Giorgio Armani’s Spring Summer 2024 collection is nothing short of a masterpiece, and I say that with the utmost fascination. The entire collection seems to have been born from the depths of the ocean, with fabrics that imitate the gentle waves and jewelry that resembles transparent underwater creatures. Scarves are transformed into multicolored shells, jackets evoke tropical underwater reefs, and necklaces mimic the intricacy of a fisherman’s net. Tops take on the appearance of fish scales, and the models themselves look like the most enchanting mermaids adorned in the riches of the deep. It’s truly AMAZING.

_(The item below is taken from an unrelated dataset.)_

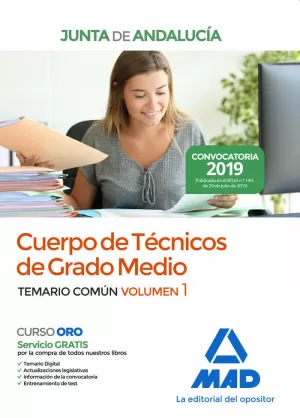 TÉCNICOS GRADO MEDIO 2019 CUERPO JUNTA ANDALUCÍA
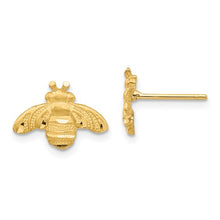 Load image into Gallery viewer, 14K D/C Bee Post Earrings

As the sun shone over Milan for the grand finale of fashion week, Giorgio Armani unveiled his Spring Summer 2024 Women’s collection, aptly named “Vibes.” The entire showcase was a symphony of undulating movements and rippling weaves, as if the very essence of water had been woven into the garments. The color palette expanded to include bronze, silver, and precious greens and purples, ultimately culminating in a pristine white that evokes the serenity of evenings.

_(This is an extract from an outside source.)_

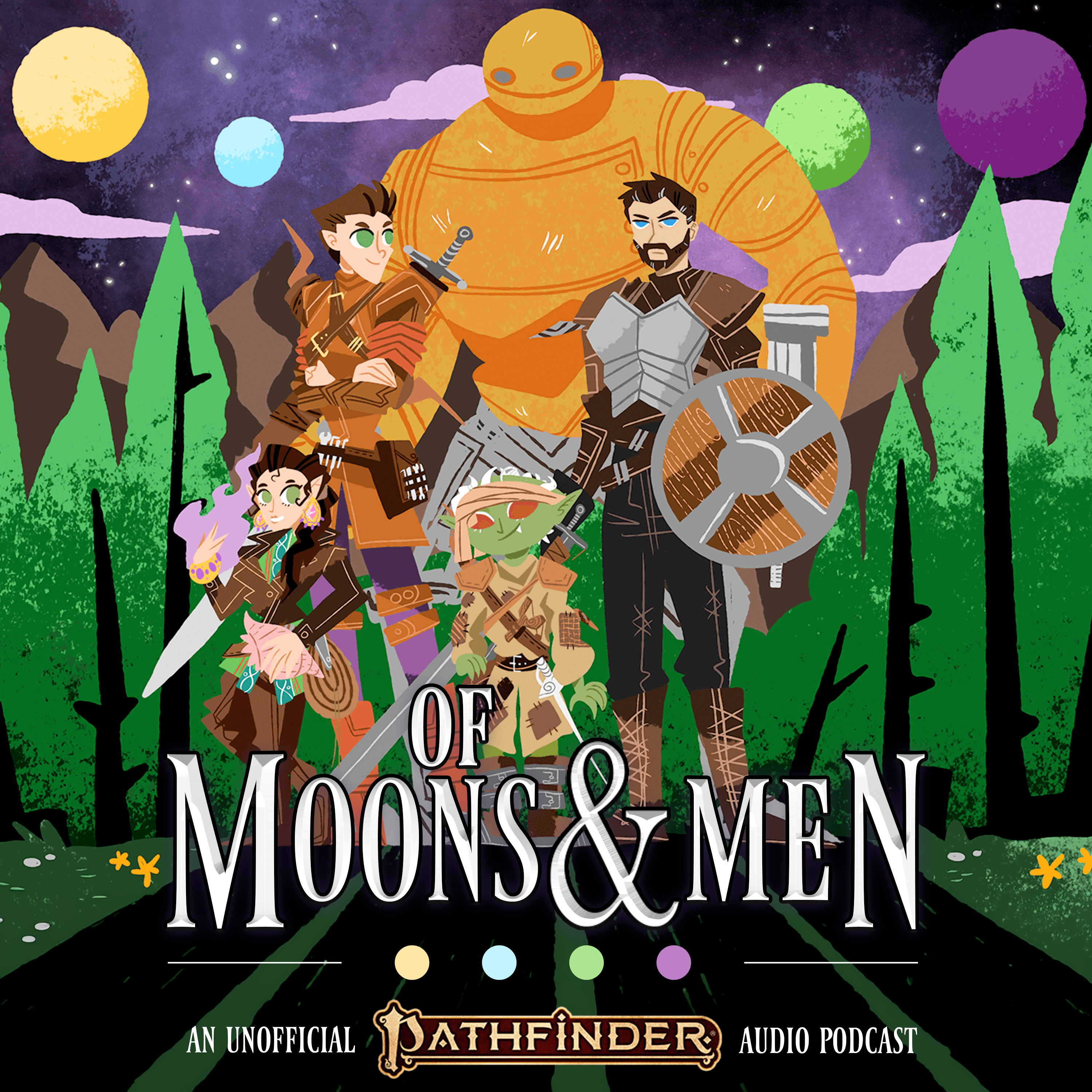 Artwork for Of Moons and Men: A Pathfinder 2E Podcast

Against a backdrop of softly diffused waves of color, the models graced the runway with late ’20s-inspired finger wave hairstyles. Each phase of the show was marked by a subtle shift in lighting and a focus on the interplay of fabrics and colors.

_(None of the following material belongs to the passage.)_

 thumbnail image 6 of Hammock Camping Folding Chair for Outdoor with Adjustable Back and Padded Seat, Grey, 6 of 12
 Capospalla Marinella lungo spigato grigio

The initial phase showcased the interplay of bronze metallic fabrics and silk grayish blue, often cinched with leather belts that curved gracefully against the body. Phase two introduced Armani’s signature blue, featuring a strapless dress adorned with woven rectangles of blue against a darker knit sheath. Accessories included wave bangles worn mid-forearm and flat-soled boxing boots that gave a modern edge to the looks.
The collection seamlessly transitioned to a conversation between blue and marine green, with a standout wave-buttoned kimono jacket. A silk trouser and vest-top ensemble featured a frothy skirt composed of sheer wave-shaped panels that cascaded down towards the floor, creating a dramatic effect. As the mood deepened, near-black looks played with light and shadows, achieving their waviness through the reflective nature of silky fabrics. The colors came to life through waistcoats embroidered with gleaming shapes, resembling shells or planets, in shades of purples and blues.
The final phase introduced a wave of dusky pale pink, with color accents carried over from the previous section. Collarless jackets and long tulip skirts were adorned with art deco-inspired patterns in rolling cloud-shaped colors and subtle crystal embellishments. The show concluded with a model in a long, loosely fitted cloud dress featuring a crystal-inset sporty neckline, draping a floor-length sheer shawl with additional points of reflection. She was indeed as an underwater creature.
Giorgio Armani himself appeared, greeted by applause, waving to the audience. This entire collection was indeed a “vibe,” a captivating exploration of waves and colors that transported the audience to a world of elegance and artistry.